Yes, a nozzle creates high acceleration but if fed by a centrif then the mass flow will be relatively low. Obviously if you can create high enough acceleration by shooting the air at extremely high velocity through a small nozzle then you could produce reasonable thrust with relatively little mass flow. But there is a big problem with this approach; it's highly inefficient.

The problem is kinetic energy is proportional to velocity squared so this tells us gram for gram of thrust it takes twice as much energy to produce thrust by accelerating air faster compared to moving a larger mass. This is why large props are more efficient at making thrust than small ones, and explains why helicopters have huge 'props'.

Turbojet engines are a different animal altogether and really cant be sensibly compared to EDF. The centrif fan used on some turbines is there to compress air for combustion. The actual thrust comes from the huge volume flow of hot gas that's generated in the combustion chamber which is many times more in volume that the air flow through the compressor. Unfortunately with an EDF flow in = flow out because no additional volume is created in combustion.

If anyone can do it you can, but i still think that your results would be better if you used a high RPM axial fan on the type commonly used in EDF's. If the airframe is build large and light it's perfectly possible to use scale inlet and outlets on EDF jets.

[quorneng]

The lash up test stand.
No shround as at this stage I simply wanted to test the motor performance and impeller balance as it does no longer has a couple of kg of electric motor attached to it.

A remarkably cheap 2700kV heli motor. It is only 230W so it is probably too small. The impeller is mounted on a modified collet type prop driver but at the moment retains the big steel washers used in the original vacuum application.

I have in mind to use a full diameter 'annular' nozzle. The air at the impeller tip is travelling fast so it seems sensible to just turn it through 90 degrees rather than slow it down in a scroll venturi to gain pressure only to speed it up again at a conventional exhaust nozzle.
Of course in a true turbojet you have to do exactly this to create a working heat cycle.

[quorneng]

JetPlaneFlyer
As a first step towards a centrifugal EDF I am indeed going to build a large light conventional EDF with scale size inlets, probably a Vampire.
By sizing the inlets ducts to match the 47mm dia of the centrifugal unit it will also become the test bed for it.
A cheap 55mm out runner EDF.

Interestingly the actual fan area is almost exactly the same as a 47mm dia duct.
The fan placed over a Vampire fuselage section scaled to give an inlet area of a 47mm dia duct. The span would be 48" (1220mm).

The first task is to build a complete test duct to see how much thrust is lost with the bifurcated inlet.

[quorneng]

The first run of the centrifugal unit 'test' unit.

YouTube Video

I only had a cheap 30A ESC spare so only about 1/3 power to avoid 'smoking' it. I have a 40A on order.
At the moment it is running in the opposite direction to the vacuum giving swept forward impeller blades. In theory this should give a higher exit velocity at the expense of pressure.
A long way to go but at least it runs smoothly.

[dkrhardy]

I am NOT even conversant when it comes to EDF's, but 2 things come to mind right off the bat.

1- weight
2-AMA says no metal in EDF's , so what about this one?
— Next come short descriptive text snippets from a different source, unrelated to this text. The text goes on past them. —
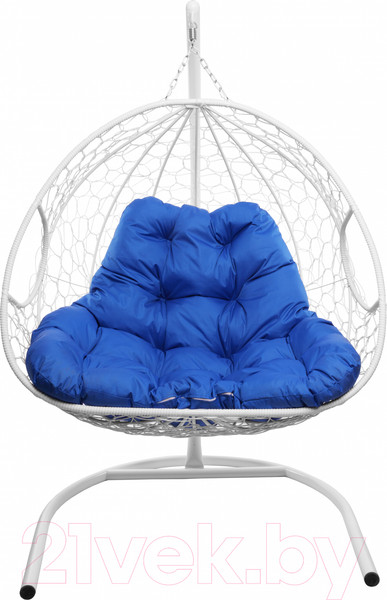 Изображение товара Кресло подвесное M-Group Для двоих / 11450110 (белый ротанг/синяя подушка)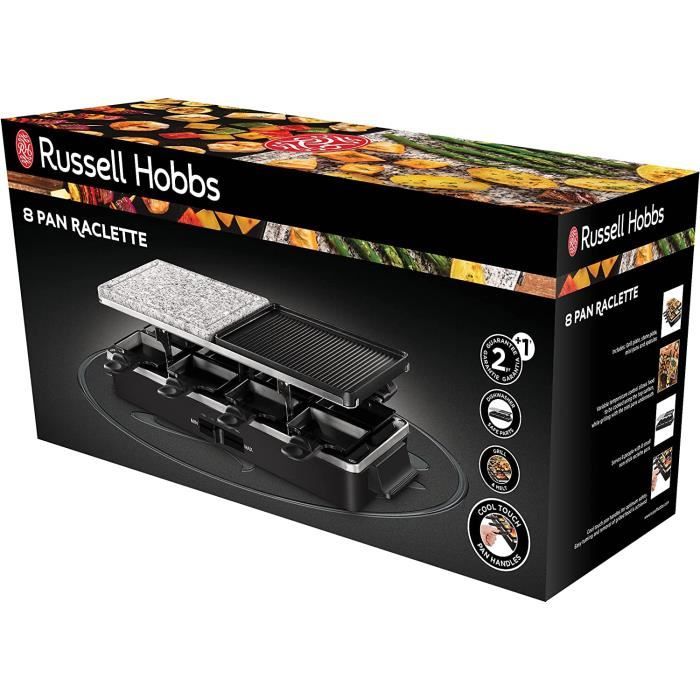 Appareil a raclette RUSSELL HOBBS - 26280-56 - Jusqu'a 8 personnes - Pierre de Cuisson - Grill Réversible - 1400W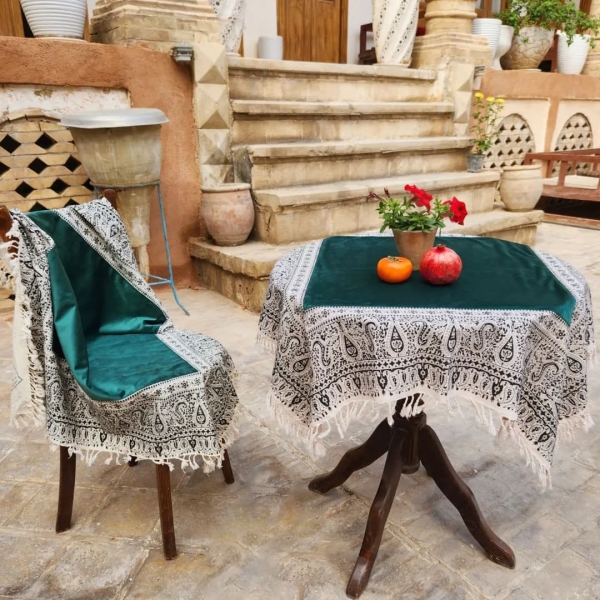 Luxury Velvet Ghalamkar Tablecloth- Green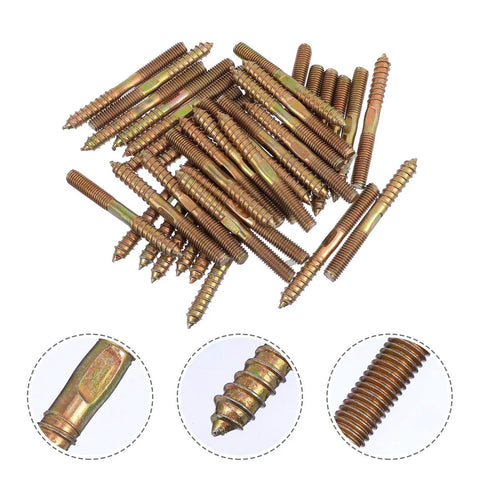 50 Pieces Double Headed Hanger Bolts For Woodworking Projects Carbon Steel Self Tapping Screws Corrosion Resistant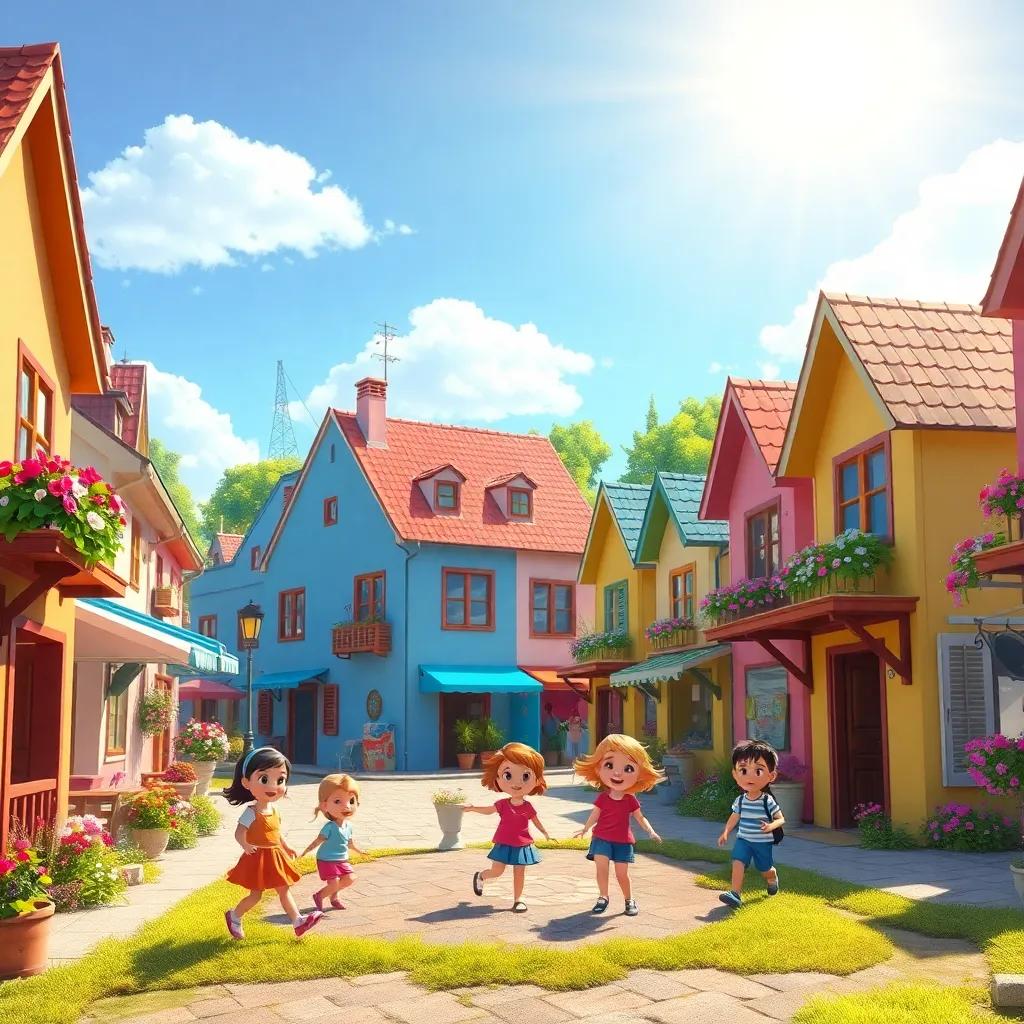 A lively little town under a bright sun, children playing happily in the street, colorful houses with flowers, digital art, cheerful atmosphere, warm colors, close-up view, high quality, children having fun, charming scenery
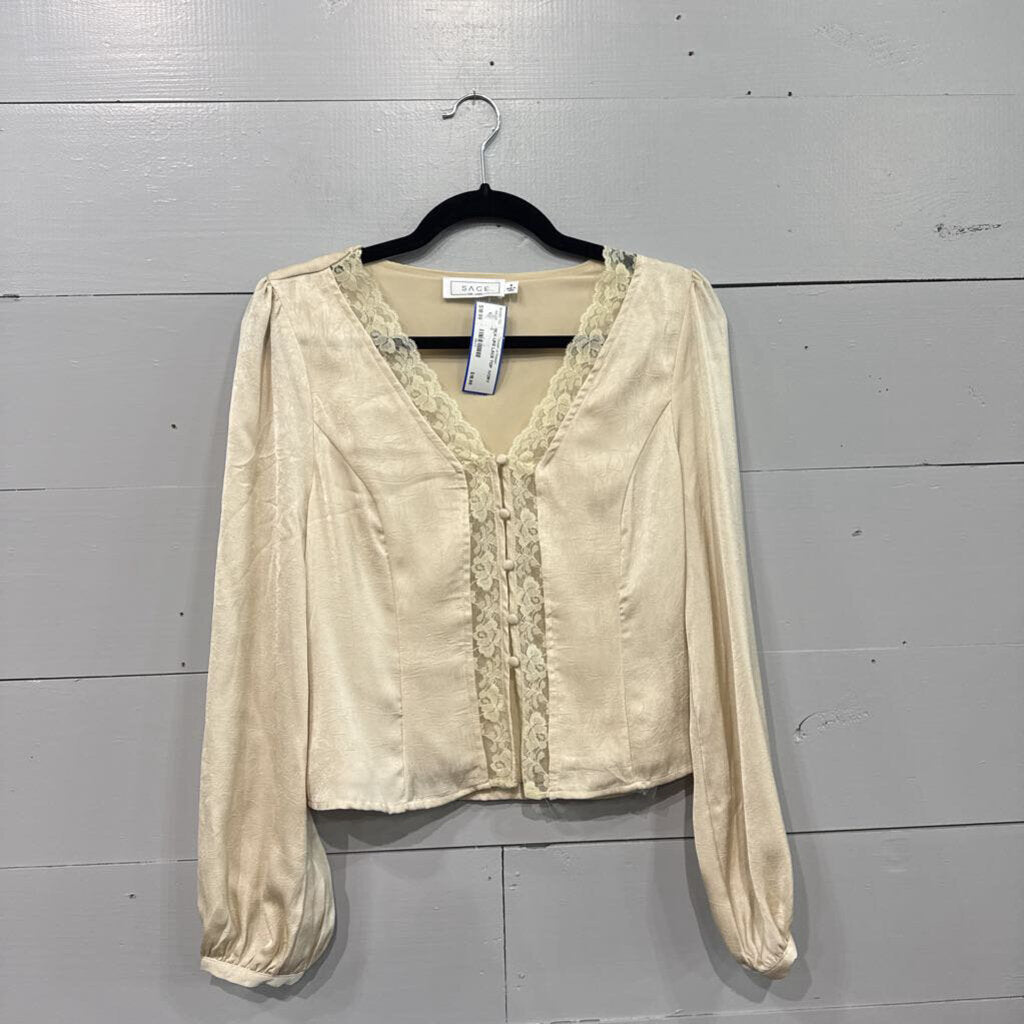 Sage,SILK LIKE LACE TOP ,IVORY,S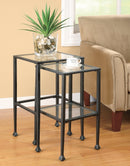 Leilani Black 2pc Glass Top Nesting Tables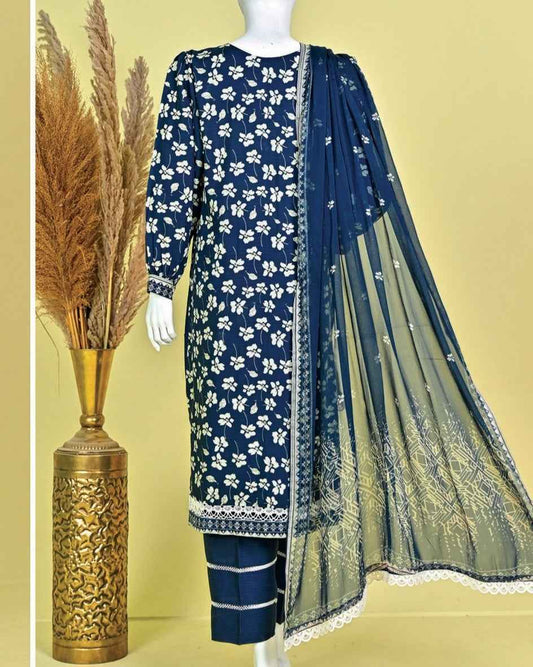 Murashe D-02: Navy Printed Viscose 3pc Suit | Bin Amin Textiles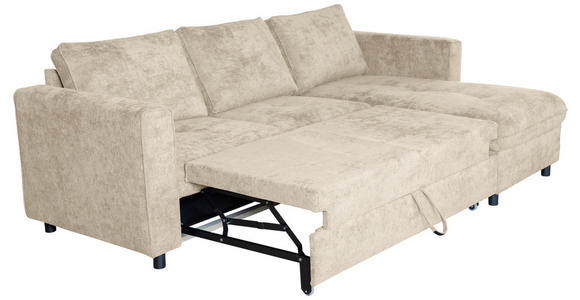 ECKSOFA Naturfarben Flachgewebe - Schwarz/Naturfarben, KONVENTIONELL, Textil/Metall (252/162cm) - Carryhome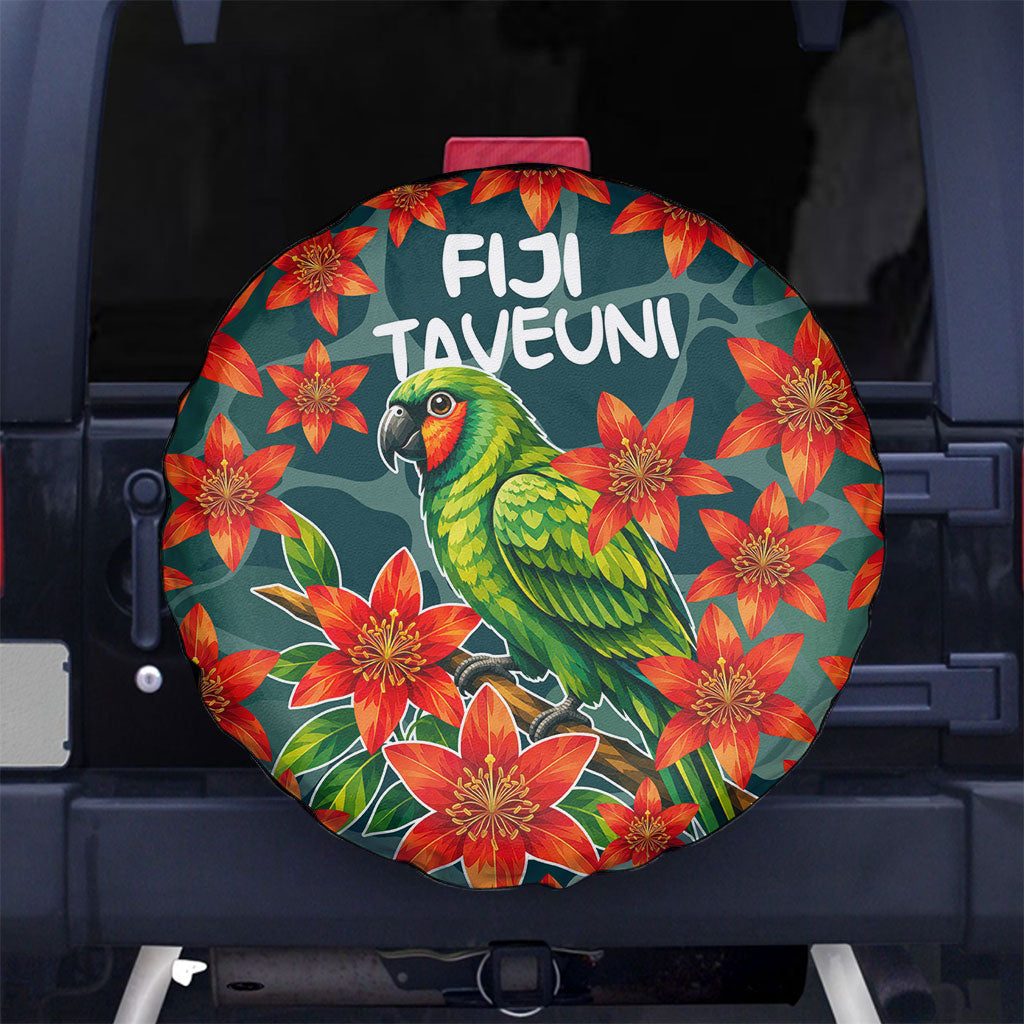 Fiji Taveuni Parrot Spare Tire Cover Tropical Waterfall Landscape With Floral Tribal Pattern TS04 No hole Green Orange - Polynesian Pride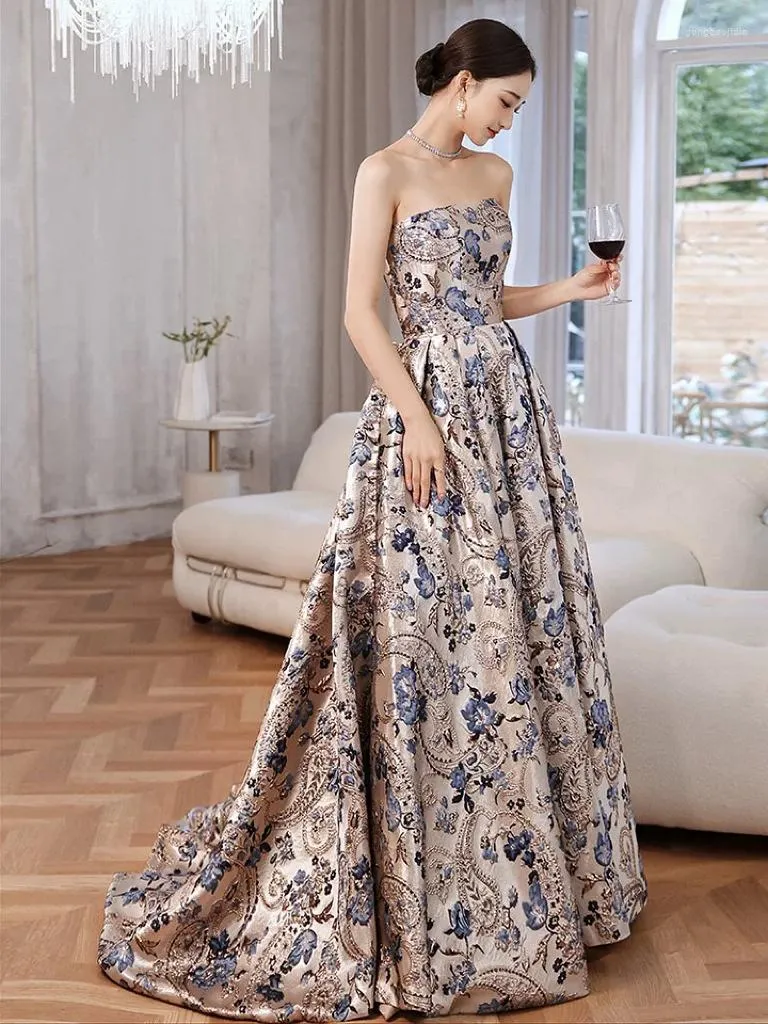 green emerald velvet dress Pink Spaghetti Straps A Line Floral Printed Chiffon Long Prom Dress Wi main image 0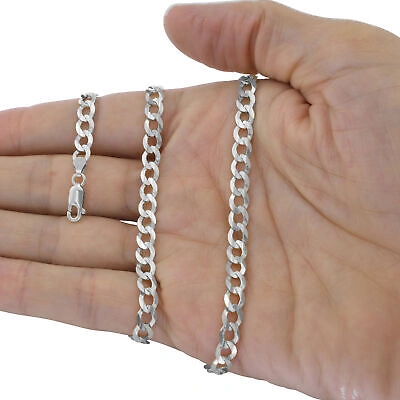 Pre-owned Nuragold 14k White Gold 6mm Women Solid Curb Cuban Chain Link Italian Necklace 16"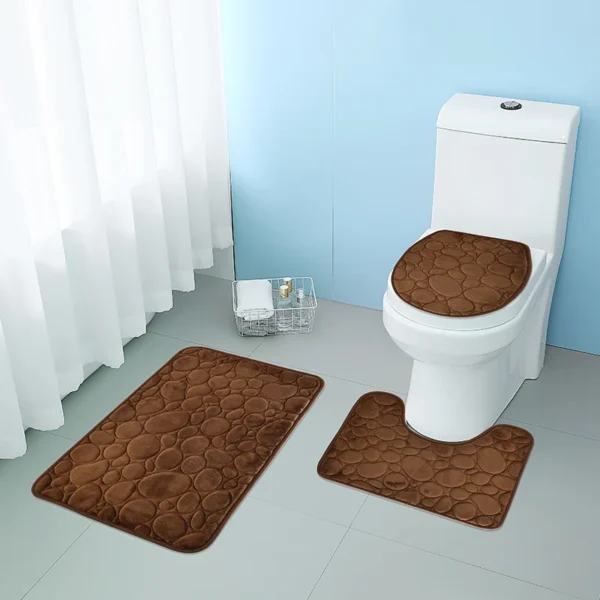 S6fd14322adef4dd7b847794b3931cab4g.webp 1 Set of Solid Color Simple Bathroom Water-absorbing and Non-slip Floor Mat Stone Pattern, Comfortable and Soft, Three-piece Set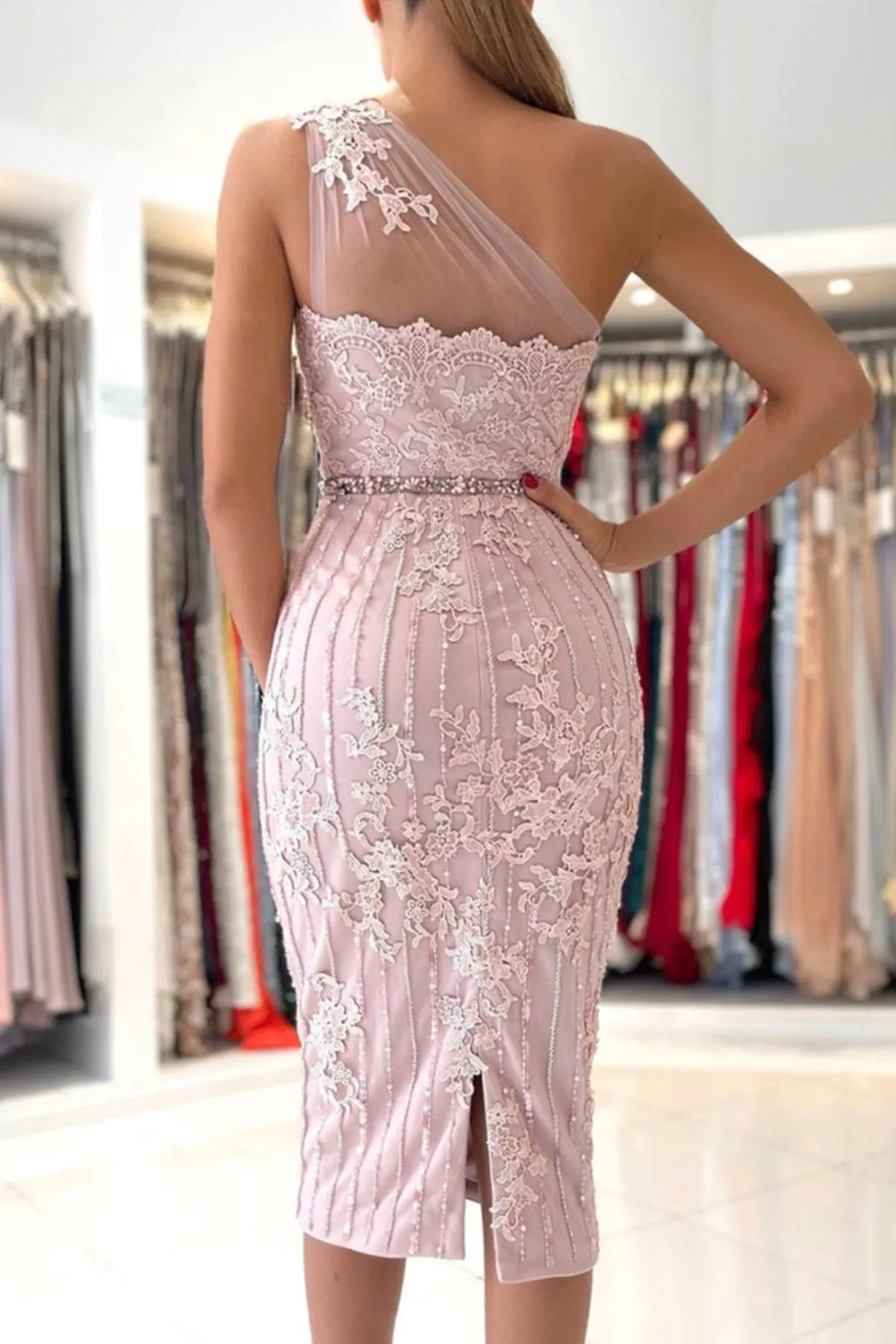 One Shoulder Mermaid Pink Lace Prom Dress, Mermaid Pink Homecoming Dress, Short Pink Lace Formal Evening Dress A1660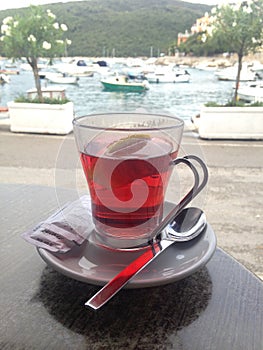 Mulled wine on the background of the sea in a glass glass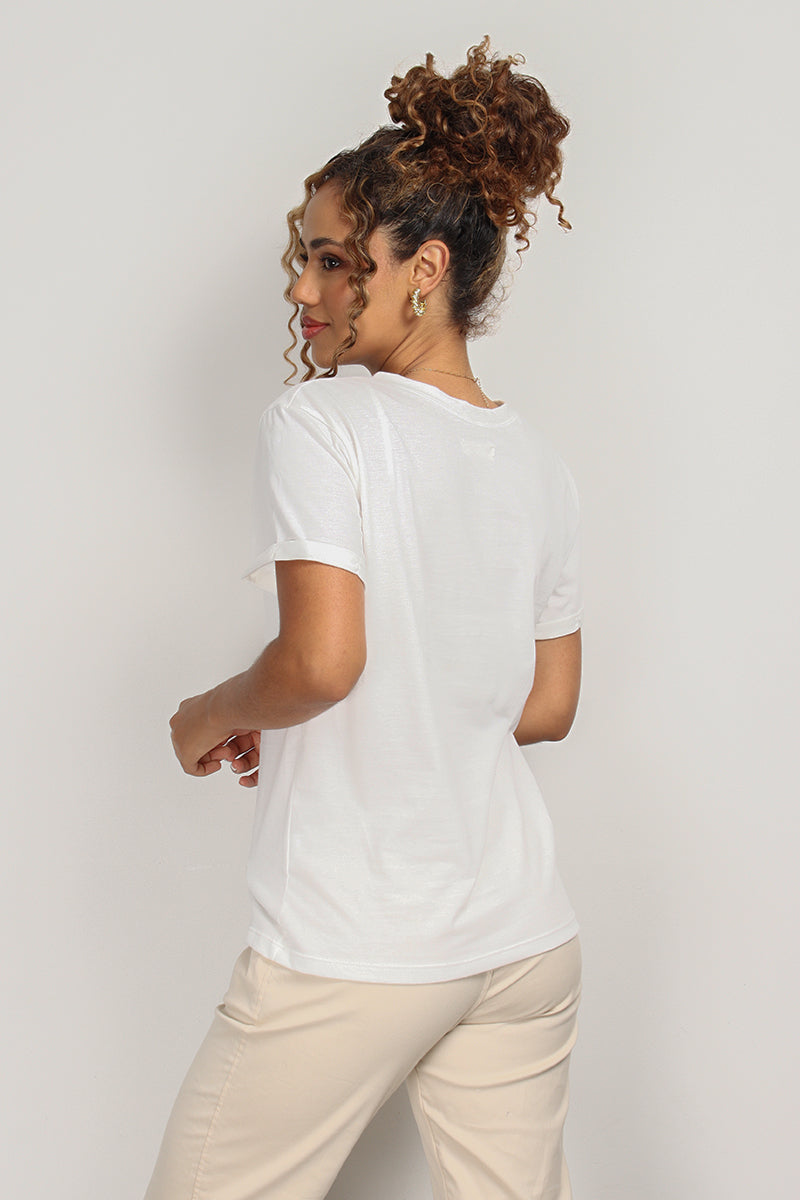 T-SHIRT BÁSICA ALGODÓN - MARFIL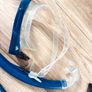 Decathlon SNK 500 Mask, Snorkel, Fins Set size 3-4 Blue Unused, Like New Image 4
Interesting concept and all new to me.




Don

[quorneng]

dkrhardy
There are metal bladed EDFs.
The concept I am exploring here is just how much thrust can a centrifugal unit produce.
For any given power it will never be as efficient as a normal axial EDF in producing thrust but it is a relatively simple way of getting a lot of energy into a relatively small airflow, more than a single stage EDF ever could.
The actual centrifugal unit need not be particularly heavy but the battery power required to drive it might well prove to be so.